Gaps in Roxio DVD Music Discs

Reply #12
As you said, the maximum size of a standard wav file is 4 GB. A special wav version, W64, allows bigger file sizes, but I don't know if any DVD authoring program would support it. In general, the maximum file size of NTFS is much bigger than 4 GB. I have seen some 50 GB files, but if I recall correctly the theoretical file size limit is about 16 million terabytes.

However since the tracks are ripped from audio CDs there is no need to pack more than a single CD in each wave file in order to preserve gapless playback.

11 hours of 16-bit / 48 kHz uncompressed PCM stereo audio would need about 7250 MB of storage place. A dual layer DVD disc could be used, but propably playback would hiccup on the layer change. It might be better (and cheaper) to create two standard DVD discs instead.

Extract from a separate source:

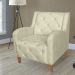 Kit 02 Poltronas Decorativas Munique Pés Trapézio Suede Bege - DS Estofados
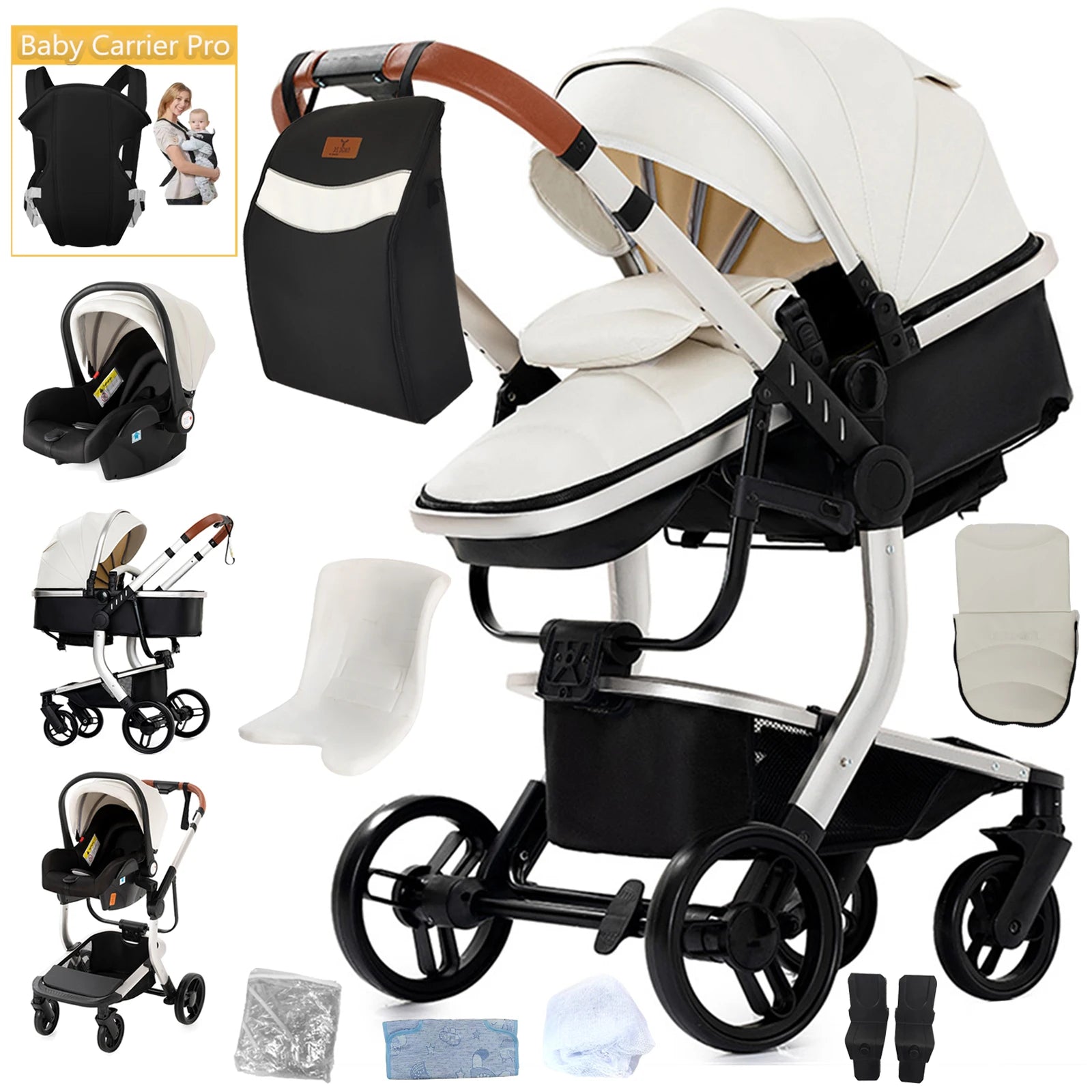 Lightweight Baby Stroller 3 in 1 Stroller PU Leather Stroller for Newborn Baby Car Seat Portable Baby Cart Pram High Landscape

Gaps in Roxio DVD Music Discs

Reply #13
You are right with NTFS.
The filesystem uses 64bit fields. This theoretically allows a max. partition size of 16 exabytes (18,446,744 GB), which is the file size limit, too. But no actual system can handle this big. In practice the maximum size for both is 16 TB (for WinXP). However, even that is a theoretical value because of the limits in some file format specifications (e.g. AVI or WAV), and the limits within applications - not to mention the hardware requirements for such elephants.

I agree with you as well, if you are in doubt that players (or even programs) would handle wave files above 4 GB. Hardware manufacturers for the consumer market usually don't tend to exceed specifications, they remain rather on the lower side.
In short, it's really not a splendid idea to put an 8 GB file on a DVD.